The areas affected have a wide diversity of soil types and topography that often will not work well for conventional methods of reseeding. New and different ways will need to be tested and developed in these areas. There are many different methods and equipment that may work. All the technical aspects will need to be tested and shared amongst producers and ranchers. The extension and information sharing will be a very important element to the success of this program.

Area and Producers affected:
The 2006 census data (chart below) for Manitoba identifies the total forage acres at 7,100,204 acres. It assumes that 1/3rd of the “natural land” in the census is native hay 1,204,962 acres and the other 2/3rds 2,448,016 acres is native pasture. In the areas along Lake Manitoba, the ratio of native acres to tame acres is much higher.

2006 Census Data – Forage Acres
Rest of MB RMs Bordering Lake MB Grand Total
Native Hay




Native Pasture




Tame Hay




Tame Pasture




Grand Total




Lake Manitoba Estimate:
Forage Acres – The estimate is 75,000 acres native forages, and 45,000 acres of tame forages along the lake remains unproductive and in a slow recovery process, some requiring special restoration techniques.

Project activities:
Four main establishment sites will be identified throughout the province that will be representative of the soil types, topography and other features of the general area. The project coordinator will work closely with local MAFRI staff to identify the sites that will be contributed by local farmers.  The MFC will source and purchase seed and distribute to each site.

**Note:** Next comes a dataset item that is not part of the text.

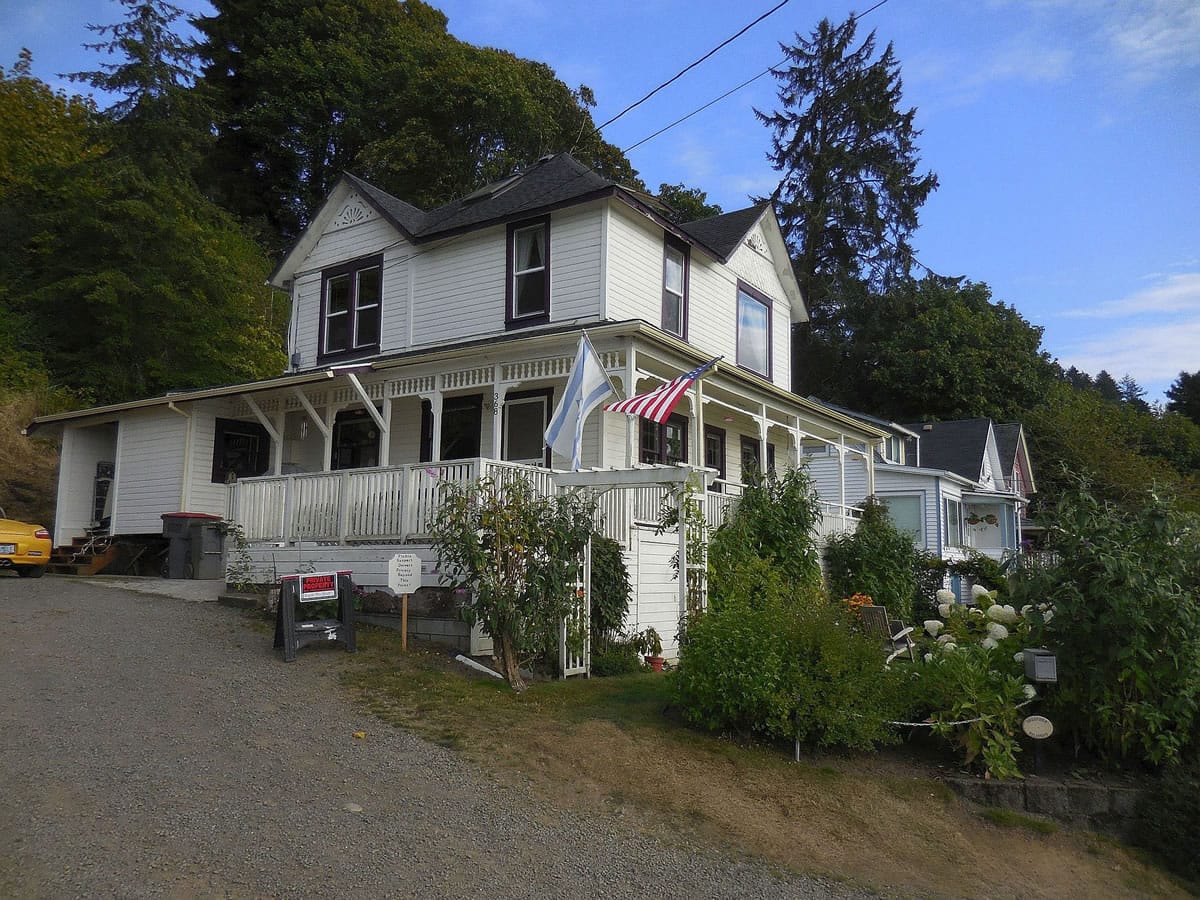 Featured prominently in the film, the &quot;Goonies&quot; house in Astoria, Ore.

Treatments to be established at each site include one or more of the following:
•  Continuous vs. twice over grazing, including exclosures (rest/control areas)
•  Native hay vs. tame hay, including exclosure (½ native hay and ½ tame hay in each exclosure)
•  Control of bulrushes with burning vs. no control measures, including exclosure (½ over burn area, ½ no treatment)
•  Late season mob grazing vs. burning vs. cutting vs. no control measure
•  Late season mob grazing vs. regular rotational grazing
•  Synthetic fertilizer vs. manure vs. no manure application
•  Herbicide application (i.e. Puma, Ally on foxtail barley) vs. no herbicide application

Measurements to be collected at each site include:
•  Forage/weed species composition
•  % cover with species
•  Forage/weed yield
•  Soil sampling – nutrients and salinity
•  Forage nutrient analyses
•  Producer records
•  # head on each site
•  # days/rotation
•  Fertilizer applied or not, if so, how much was applied
•  Date started grazing on pasture, date cattle off pasture
•  Date hayed, etc.
•  Photo records – set up cameras in precise areas using GPS to accurately measure progress over the time span of the project

MAFRI specialists will assist with the selection of forages and forage mixes to be established at each site. Field days and tours will be organized to showcase the applied research sites. Farmers will contribute the machinery and labour to establish the site where available, otherwise equipment will be rented from local grazing clubs, RM’s, CD’s. All sites will be tested for soil fertility and salinity issues, and all forages collected from the sites will be analyzed for nutrient composition. The project will cover the seed, fertilizer, and some equipment costs, and MAFRI will assist in organizing the extension activities to showcase the site, including tours and various communication efforts.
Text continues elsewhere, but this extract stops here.